You have a Mac. You have some photos you wish to bring up to their fullest potential, so you start looking around at photo editors. Before you do, check out Apple Photos. You might be surprised at how good it can be.

Is Apple Photos easy to use?

In a word, yeah. And it’s quick. Photos tucks complex editing tools into several simple controls by default. The layout is extremely intuitive but surprisingly powerful.

There are three groups that allow you to edit your photos: Adjust, Filters and Crop. We will have a look primarily at Adjust. This might give you an idea whether you want to fire up Apple Photos and look at it more. The version in these screenshots is Apple Photos 5.0 running on macOS Catalina 10.15.7 on a 2017 iMac.

For those using macOS 11 Big Sur, the interface and features are similar. There’s a new Vibrance adjustment, as well as some updates to the Retouch tool. You’re also able to import and perform basic edits on video files.

Having a look at Adjust

Open any photo by double-clicking. Then click on the “Edit” button located on the toolbar on the upper right corner. In the middle of the toolbar, click on Adjust, which also has a dial icon. We’ll cover some of the features, located on the right, in order of appearance.


Light slider that will auto-adjust several different parameters as you slide it. Try this first. This might get you where you want to go, as it works surprisingly well.

Click on the Options arrow and you can see the different parameters that it automatically adjusted. Tweak if you want to adjust further. See what happens. You can always move it back.

Have no fear, all of the tweaks you make can be reversed at any time!

Black and white

Are you into black and white photography? I always love to check out what my photos look like in black and white. Toggle back and forth between color and black and white by clicking the blue checkmark circle on and off for this or any other parameter.


This is a surprisingly effective feature that really made me stand up and take notice of Apple Photos. The Retouch feature is designed to remove spots, blemishes and scratches. It does this very well. But I also found that I could remove things like tree branches that were hanging into the corner of my image! That’s impressive.

It’s so unbelievably easy to use that it might be dismissed. It should not be. Just brush the spot you want to disappear, and bam, it’s gone. You can adjust the size of the brush with the slider.

I decided to remove some of the dirt marks on the passenger window. Here is a screen shot of me in the middle of removing it.

Above is the photo after I removed a couple of the dirt marks.

White balance

White balance refers to the relative “warmth” or “coolness” of the color white in an image. It’s often referred to as a color temperature. The pulldown menu gives you neutral gray and two other scenarios. Adjust this to taste. I cooled this image very slightly by moving the slider to the left by a small amount.


This is exactly what you think it is. I clicked on the Auto function initially, which is shown above.

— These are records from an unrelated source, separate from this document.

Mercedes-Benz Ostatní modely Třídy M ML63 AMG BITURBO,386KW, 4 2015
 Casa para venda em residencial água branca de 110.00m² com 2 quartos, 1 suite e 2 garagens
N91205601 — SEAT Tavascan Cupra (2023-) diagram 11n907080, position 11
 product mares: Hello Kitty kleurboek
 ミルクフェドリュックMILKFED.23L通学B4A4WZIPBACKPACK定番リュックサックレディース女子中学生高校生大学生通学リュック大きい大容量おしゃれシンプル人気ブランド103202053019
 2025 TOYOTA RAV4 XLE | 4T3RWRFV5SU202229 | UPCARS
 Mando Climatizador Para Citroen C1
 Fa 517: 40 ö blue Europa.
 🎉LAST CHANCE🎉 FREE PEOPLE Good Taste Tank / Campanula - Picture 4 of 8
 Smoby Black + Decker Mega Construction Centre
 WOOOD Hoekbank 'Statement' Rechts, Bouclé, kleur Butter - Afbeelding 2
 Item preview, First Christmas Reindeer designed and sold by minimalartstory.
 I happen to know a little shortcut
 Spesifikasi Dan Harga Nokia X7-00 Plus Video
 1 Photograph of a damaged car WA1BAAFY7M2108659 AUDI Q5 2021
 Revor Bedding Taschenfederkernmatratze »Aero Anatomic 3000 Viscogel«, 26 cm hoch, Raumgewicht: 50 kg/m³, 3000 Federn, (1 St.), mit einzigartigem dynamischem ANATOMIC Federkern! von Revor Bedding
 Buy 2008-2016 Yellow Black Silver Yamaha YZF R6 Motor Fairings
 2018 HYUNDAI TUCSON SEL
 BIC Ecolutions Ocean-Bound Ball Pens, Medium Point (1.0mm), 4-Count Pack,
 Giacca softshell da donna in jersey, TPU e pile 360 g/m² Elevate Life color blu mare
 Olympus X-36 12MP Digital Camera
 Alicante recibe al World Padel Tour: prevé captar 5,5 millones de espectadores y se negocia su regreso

The Auto feature over-sharpened the image too much for my taste. No matter. I clicked on the arrow to the left of Sharpen to open up the individual features. I dialed back the intensity quite a bit, as you can see in the above photo.

A quick look at Filters

As mentioned, there are three major sections on the top of the toolbar, Adjust, Filters and Crop. Filters is somewhat similar to the filters you might see upon uploading filters to Instagram. With a click of the button, you can transform your photo to have a certain look. This is otherwise self-explanatory, but I did want to show that this is another feature.

A quick look at Crop

There are numerous features in crop that are useful. Above, I decided to ever-so-slightly straighten the photo. I did this by adjusting the dial to the left of the image. This results in a handy grid that allows you to better see if your horizon, or in this case, the truck window, is straight.

Crop also allows you to crop according to common aspect ratios such as square, 16:9, 8:10 and so forth.

A creepy Halloween night photo edited by Apple Photos.

Do I have Apple Photos?

Apple Photos comes bundled with Mac computers with OS Yosemite (10.10.3) and onward. It was released in April 2015. If you are running an OS before that, you have iPhoto, which offers some similar tools. By the way, there is a similar version of Apple Photos on iPhones.